A Irene, la mujer de Ramiro, le habían diagnosticado un cáncer muy grave que se había extendido por todo el cuerpo. Los médicos le daban dos meses de vida. Aquello, obviamente, fue un durísimo golpe para ambos. Tenían 61 años. Se habían casado muy jóvenes, justo después de que Ramiro acabase sus estudios de fontanería y se pusiese a trabajar con su padre. Y pronto tuvieron tres hijos que ahora estaban felizmente casados.
Desde que supieron que Irene tenía un cáncer terminal, Ramiro no se separó de ella. Ambos se querían mucho, aunque Ramiro nunca supo expresar su amor, ni siquiera cuando eran novios. Pero, una tarde en la que Irene había estado vomitando y tosiendo continuamente, algo por dentro le impulsó a Ramiro a decirle claramente cuánto la amaba y lo mucho que le agradecía que le hubiese dado tantos años de felicidad. Fue lo más profundo que jamás le había dicho. Él mismo se quedó muy sorprendido ante aquella declaración de amor. A Irene le reconfortó interiormente y le ayudó a pasar sus últimos días en esta vida.
Tras el funeral, Ramiro se quedó muy solo en casa. Y no dejaba de meditar sobre aquella tarde en la que declaró su amor a su moribunda esposa. El hecho es que Ramiro sentía que aquello no había salido de él, sino que había sido Dios el que le impulsó a hacerlo. Intuía que aquello fue una experiencia mística, aunque él no sabía apenas nada de esas cosas. Por ello, una mañana se acercó a la parroquia, se lo comentó a un amigo sacerdote, y éste, tras escucharle largo y tendido, le recomendó que fuera a un monasterio para meditar y orar durante dos semanas.
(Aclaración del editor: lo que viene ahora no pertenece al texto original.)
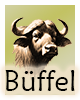Krafttier-Bueffel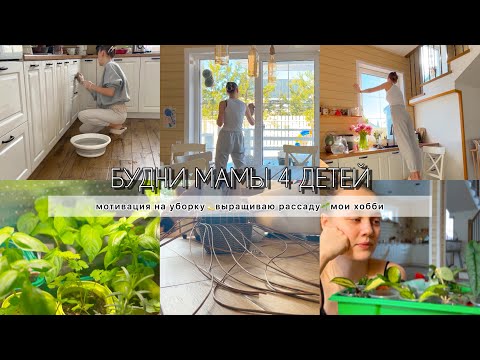 Видео: БУДНИ МАМЫ 4 ДЕТЕЙ🌿Выращиваю рассаду, мотивация на уборку, мое хобби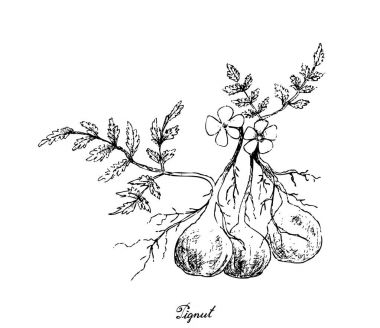 Elle Pignut bitki beyaz arka plan üzerinde çizilmiş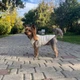 Жилетка для собак Квадро M Молочний - зображення 7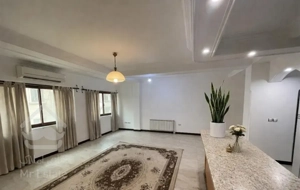 آپارتمان ۹۴ متری در نخست وزیری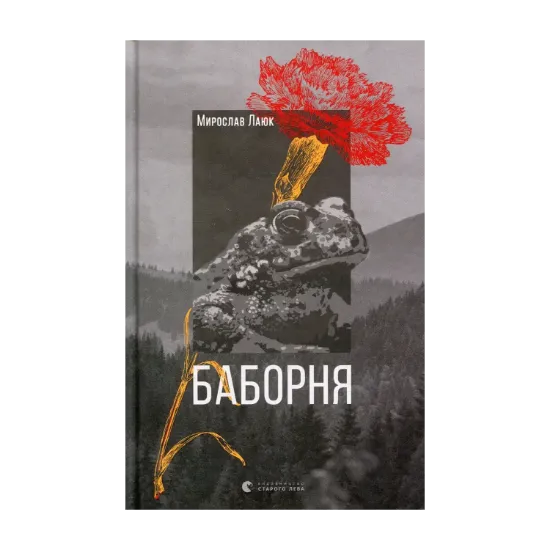 Зображення Баборня
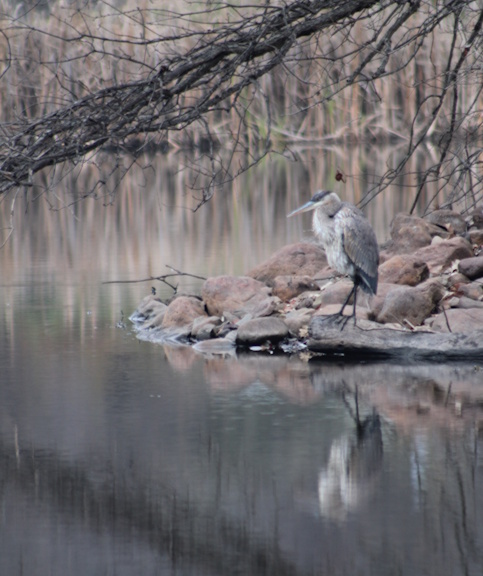Heron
Cuando Ramiro llegó al monasterio, la hospedería estaba vacía, pues era pleno invierno, así que no tardó en trabar amistad con el hermano hospedero y en contarle lo que le había llevado allí. El hermano le sugirió que hiciera un esfuerzo por asistir a todos los rezos comunitarios –incluido Maitines, que era a las cinco de la mañana– y le preguntó si le gustaría ayudar a los monjes en los trabajos de la huerta. El bueno de Ramiro aceptó complacido.
Ciertamente, trabajar codo con codo con los monjes dentro de la clausura fue para él una vivencia muy sanadora. El ambiente sagrado que se respira dentro del monasterio le limpió interiormente y le revitalizó. Apenas conversó con los monjes, pero su presencia, su sonrisa y su paz le comunicaron muchas cosas buenas, que no sabría muy bien explicar.
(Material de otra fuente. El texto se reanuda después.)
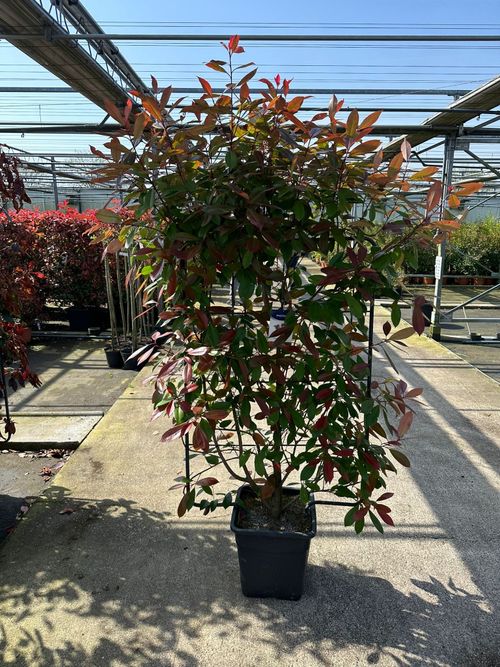 Photinia 'Red Robin' on frame 150-180cm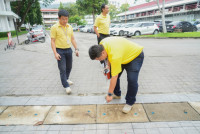 ถวายพระพร ร.10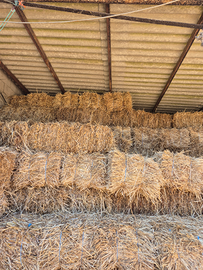 Ballette loietto cavallo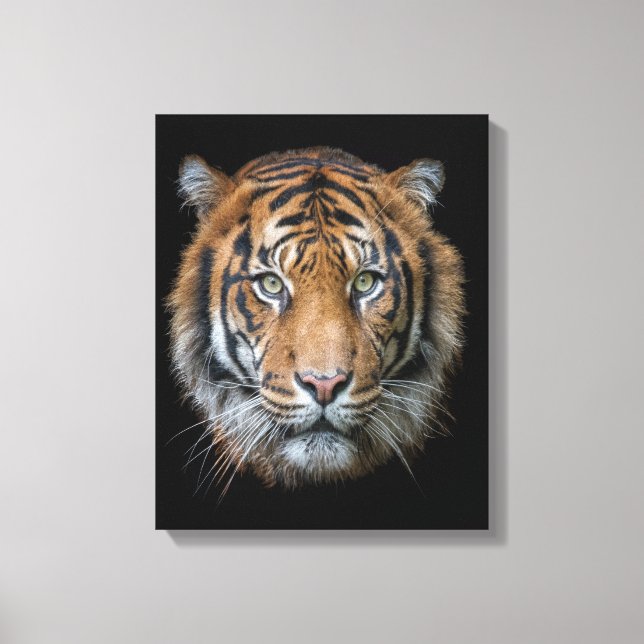Toile Un visage sauvage de tigre du Bengale (Recto)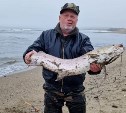 Сахалинец поймал 10-килограммовую рыбину, которую нельзя съесть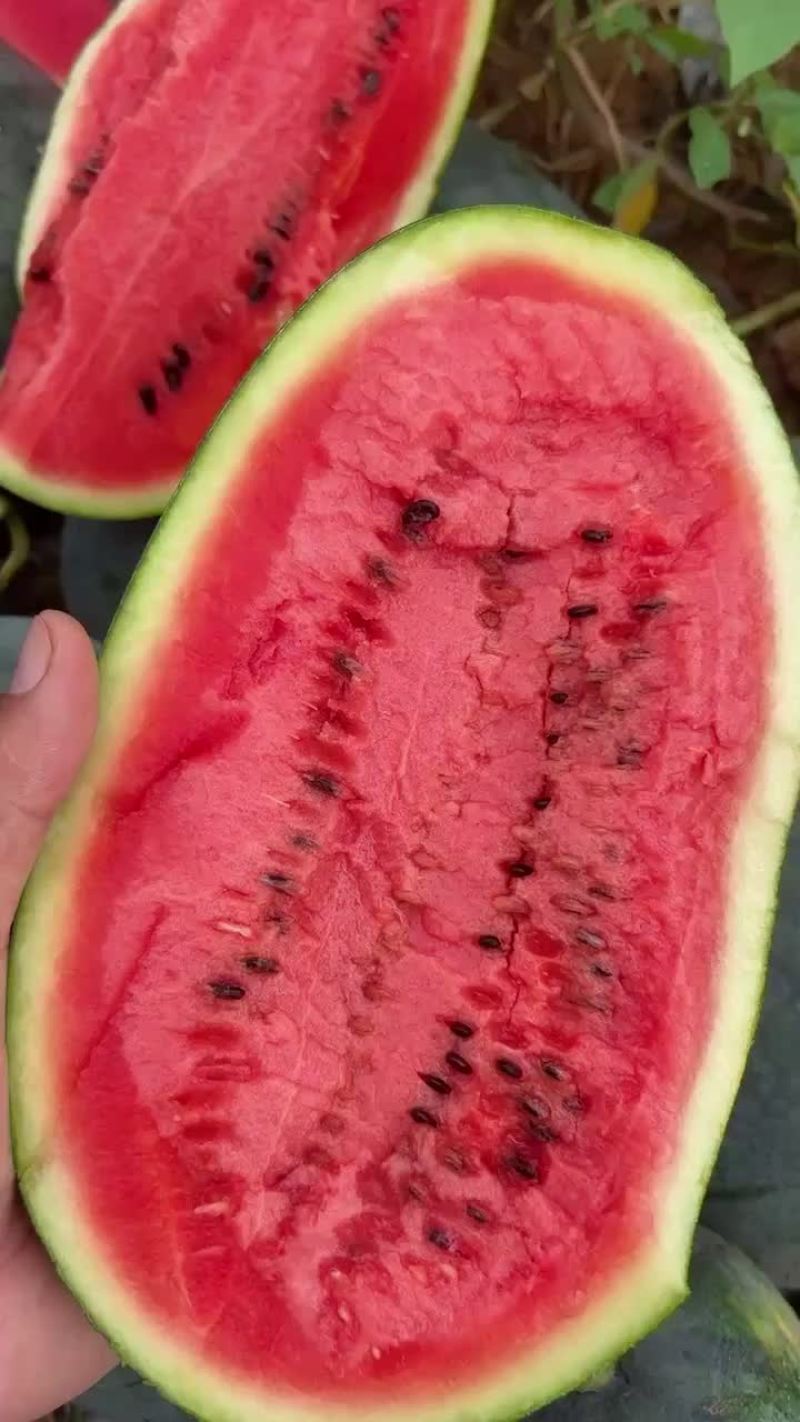 黑美人西瓜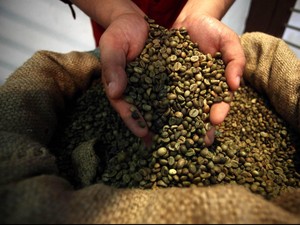 Sertifikasi Berkelanjutan Masih Jadi Persoalan Petani Kopi di Lampung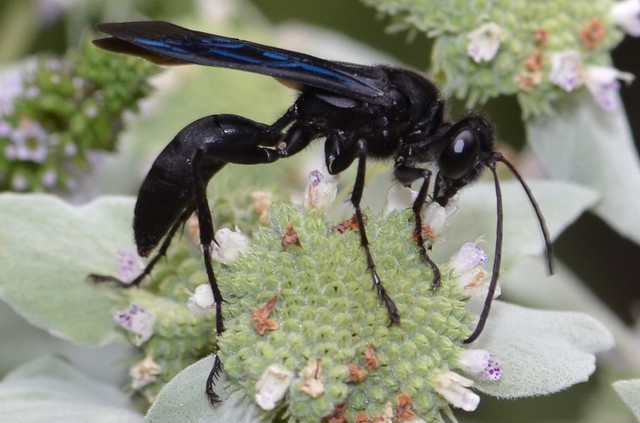 Sphex pensylvanicus, Great Black Wasp, on Pycnanthemum, Mountain-Mint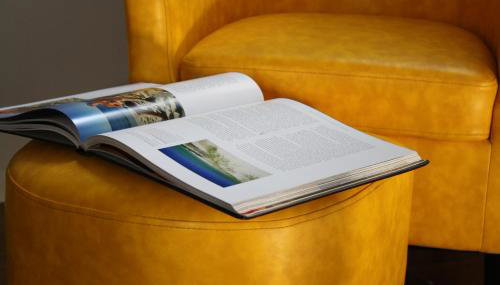 Luxéry Stay Chicago - Themed Units! Close to Downtown, McCormick Place & Wintrust Arena - Foto 5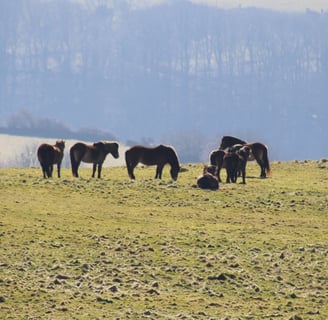 Exmoor Ponies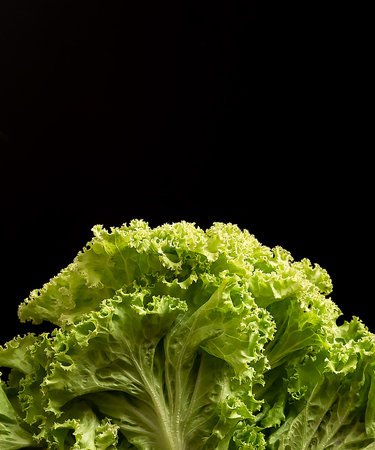 Fresh green vegetables black backgroundの写真素材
El día de su partida, Ramiro le confesó tímidamente al padre abad que sentía muchísimo dejar el monasterio y que con gusto se quedaría allí para siempre. El abad le abrazó con mucho cariño y le dijo en voz baja:
‒Vuelve a tu casa, rehaz tu vida, ponte en manos de Dios… y si dentro de seis meses sigues queriendo formar parte de nuestra comunidad, te acogeremos con alegría.
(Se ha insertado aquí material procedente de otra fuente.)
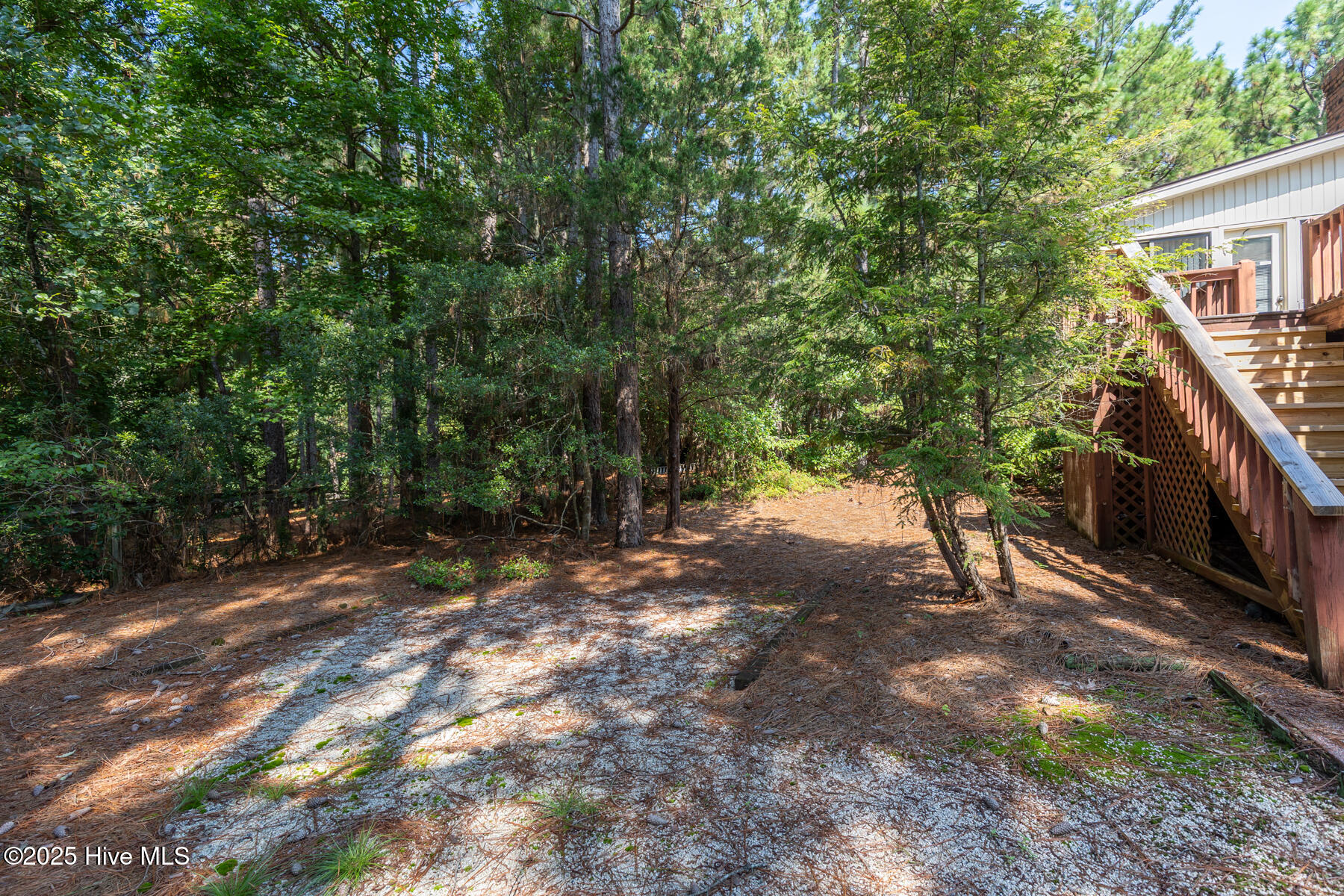 241 Firetree Lane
De vuelta en casa, todos los días Ramiro se acordaba de la ardiente vivencia de amor sobrenatural que había sentido junto a su difunta Irene. Y algo le decía que aquello fue una llamaba de Dios. Hasta entonces Ramiro no había sido consciente de lo que era amar apasionadamente con todo el corazón. Nunca había experimentado una cosa así. Y sentía que Dios le indicaba que ese era su nuevo camino: el amor.
Rechazaba totalmente la idea de buscar otra mujer, porque su esposa seguía siendo Irene. Y, sobre todo, recordaba con añoranza su agradable y revitalizante experiencia monástica. Sentía que el monasterio es su verdadero hogar, los monjes su nueva familia y Dios su gran amor.
Así que, tras hablarlo con su amigo sacerdote, y habiéndose despedido de su familia y de sus amigos, Ramiro preparó una pequeña maleta y se presentó en la portería del monasterio en busca del Amor divino.
Y allí vivió felizmente hasta que, un buen día, Dios se lo llevó al Reino del Amor eterno.